Già una settimana prima l’attacco del 26 giugno Duhalde aveva riunito i suoi ministri con le varie forze di sicurezza per stabilire la condotta da seguire verso i blocchi stradali e le dimostrazioni di piazza, arrivando a considerare alcune di queste manifestazioni come "azioni di guerra". Di seguito diversi uomini del regime avevano lanciato una serie di messaggi inequivocabili circa le intenzioni degli apparati di sicurezza. Il 26 giugno, per la prima volta dopo le giornate insurrezionali del dicembre, gli apparati dello stato decidono di colpire e di spargere il sangue dentro l’area di Buenos Aires quasi a voler saggiare la capacità di reazione e risposta del proletariato, in una azione che ha tutta l’aria di essere una sorta di prova generale per il futuro braccio di ferro coi movimenti di lotta.

Un fattore inoltre non secondario che ha spinto il governo a rompere gli indugi è stato il segnale emerso dalla riuscita Asamblea Nacional de Trabajadores Ocupados y Desocupados del 22-23 giugno: una spinta forte, decisa verso la conquista di una unità d’azione fra i vari movimenti di lotta, la creazione di un fronte unito di classe, la dichiarazione esplicita di questi militanti d’avanguardia che "la questione del potere è all’ordine del giorno", l’appello pressante uscito dall’Assemblea a che "tutte le organizzazioni piquetere e di lotta abbandonino ogni speranza sul governo Duhalde e le sue politiche e rompano definitivamente la tregua con esso". Un vero scatto in avanti fatto dal movimento di classe nonostante le gravi difficoltà, ombre e debolezze tutt’ora presenti dentro il complesso movimento di lotta (una per tutte, emblematica: la non partecipazione dei delegati della Zanon all’assemblea stessa a causa, se non abbiamo inteso male, di infinite querelles fra vari gruppi e gruppetti politici).

 

La reazione all’attacco del 26 giugno

 

Immediata e di massa è stata la risposta che i movimenti di lotta ed il proletariato hanno saputo dare al governo assassino ed ai suoi sgherri. Il 27 lo sciopero nazionale convocato dalla CTA ha avuto una numerosa partecipazione, carica di rabbia, in ogni città. Nella capitale una folla di 35000 mila persone si è riversata a Plaza de Mayo. Il 3 luglio, altra scadenza di lotta contro la repressione, sono oltre 100.000 i giovani, i lavoratori, i proletari a scendere in piazza a Buenos Aires. Le dimostrazioni mostrano che il governo Duhalbe e i suoi padroni dovranno ancora mordere il freno, lavorare ai fianchi il movimento, tentare ancora di utilizzare tutti i mezzi di divisione prima di poter brandire con decisione ultimativa il bastone dell’intervento armato.

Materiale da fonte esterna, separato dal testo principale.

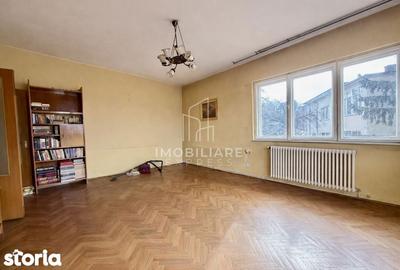 Apartament cu 4 camere în Între Lacuri - 2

Una considerazione importantissima infine: uno degli strumenti essenziali utilizzati dal regime per tentare di contenere e dividere la resistenza delle masse è stata l’esca gettata ai vari movimenti di lotta o meglio a talune loro dirigenze attraverso fasulle "aperture di dialogo", partecipazione "a tavoli concertativi" e la concessione di miserabili briciole. Alcune dirigenze, alcuni "capi" dei movimenti di lotta dietro i più svariati pretesti avevano abboccato e tutt’ora s’ingegnano a "concertare" col governo. La loro funzione anche in occasione della giornata di sangue del 26 giugno è quella di seminare confusione e motivi di divisione nel movimento di lotta, distinguendo fra "piqueteros buoni" e quelli "cattivi" (che rompono le vetrine ed attaccano la polizia), bollando come provocazione l’esercizio della forza e della violenza di classe, attaccando con ogni mezzo la parte più radicale dei movimenti. Una funzione infame che diventa sempre più difficile esercitare con successo!

Esemplare in questo senso è la denuncia fatta dai compagni del Movimento Barrios de Pie del presidente della Federacion de Tierra y Vivienda (confederata alla CTA), Luis D’Elia -che dopo aver avvallato nella sostanza la versione del governo circa i fatti di ponte Pueyrredon si è rifiutato di chiamare in piazza il suo movimento nella protesta del 27 giugno- qualificato apertamente come "agente di Duhalde all’interno del movimento dei disoccupati".